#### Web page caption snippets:
□ □ □ □
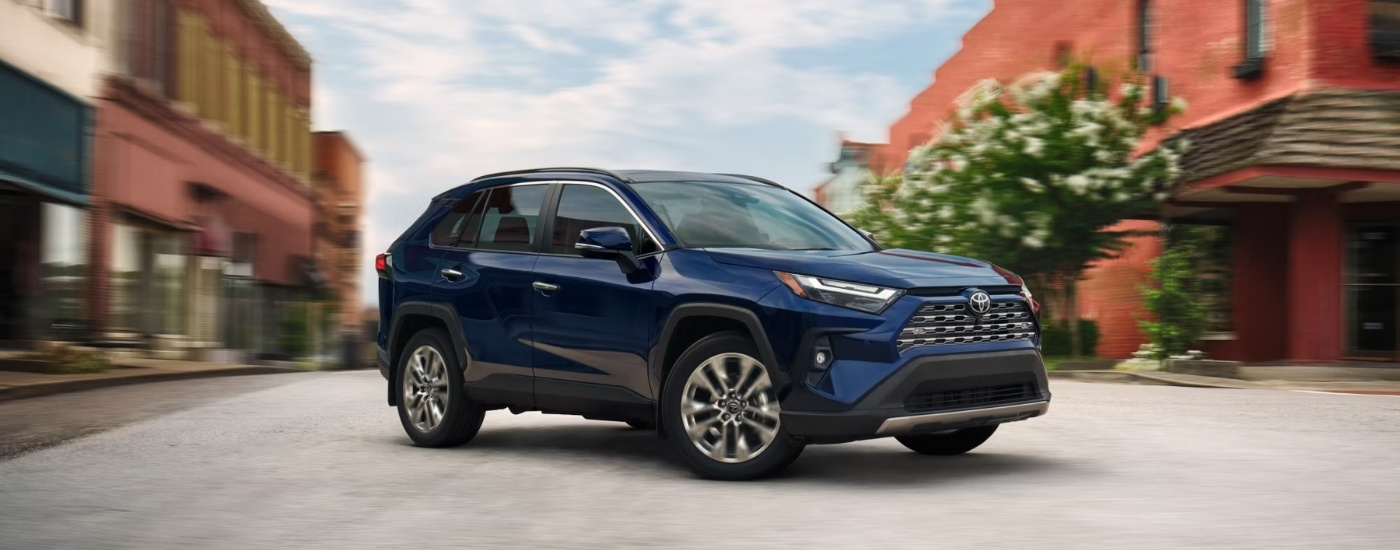 A blue 2025 Toyota RAV4 Hybrid for sale near Austin from the side.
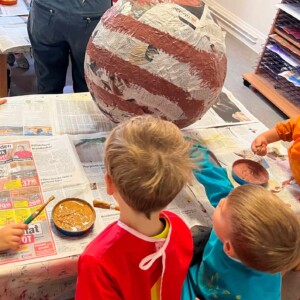 Kinder bemalen einen Pappmaché Planeten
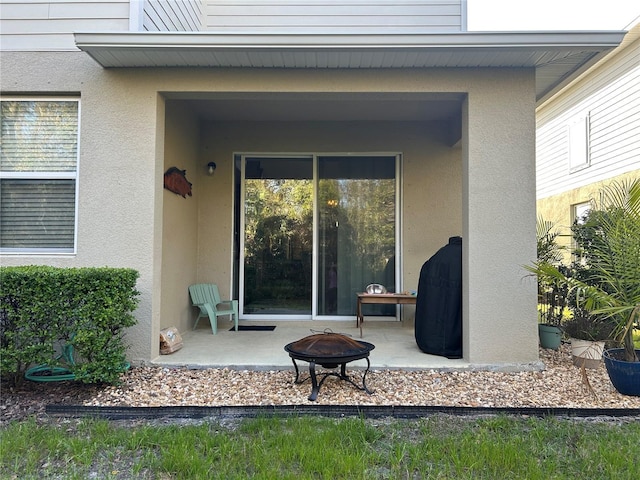 view of exterior entry with stucco siding and a patio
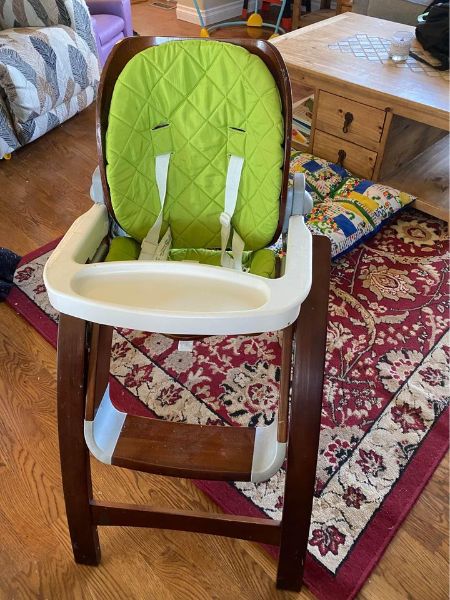 Brown highchair with removable lime green padding and tray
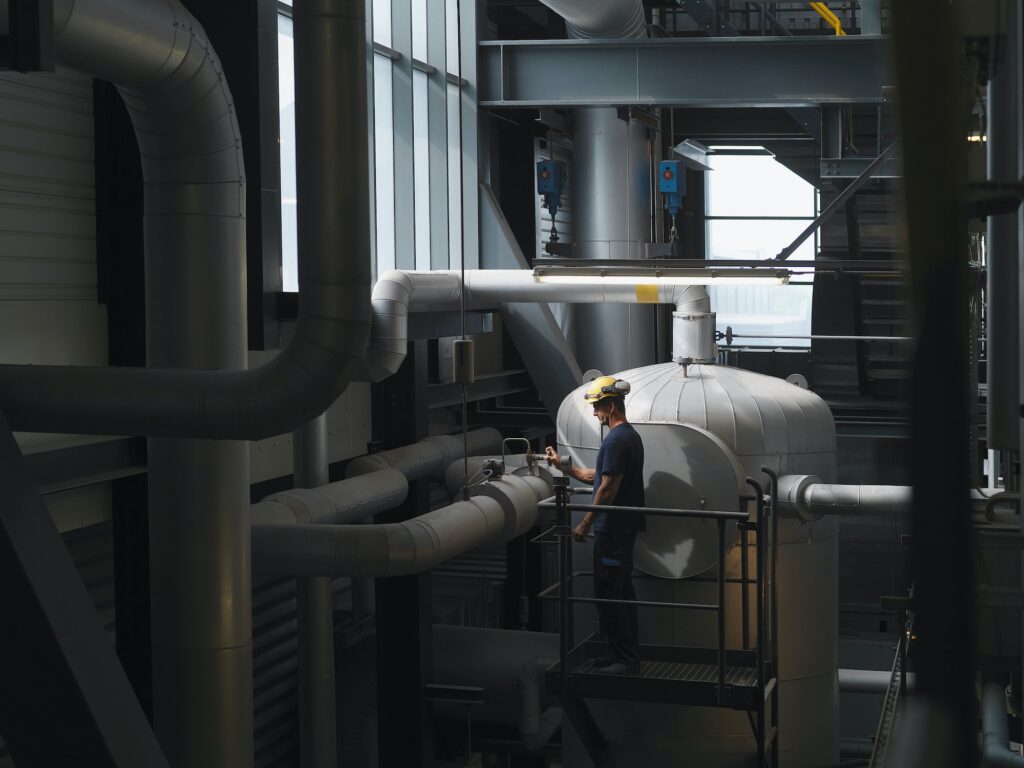 Worker operating machinery in factory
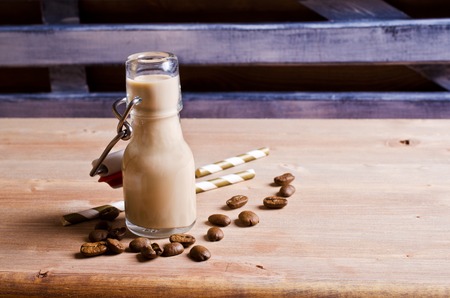 Cocktail of coffee and cream in a glass container. Selective focusの写真素材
□ □ □ □
#### AIM OF THE TASK:
Repeat every record above exactly, but leave out any pictures.

#### TASK SOLUTION:
 A blue 2025 Toyota RAV4 Hybrid for sale near Austin from the side.
 Kinder bemalen einen Pappmaché Planeten
 view of exterior entry with stucco siding and a patio
 Brown highchair with removable lime green padding and tray
 Worker operating machinery in factory
 Cocktail of coffee and cream in a glass container. Selective focusの写真素材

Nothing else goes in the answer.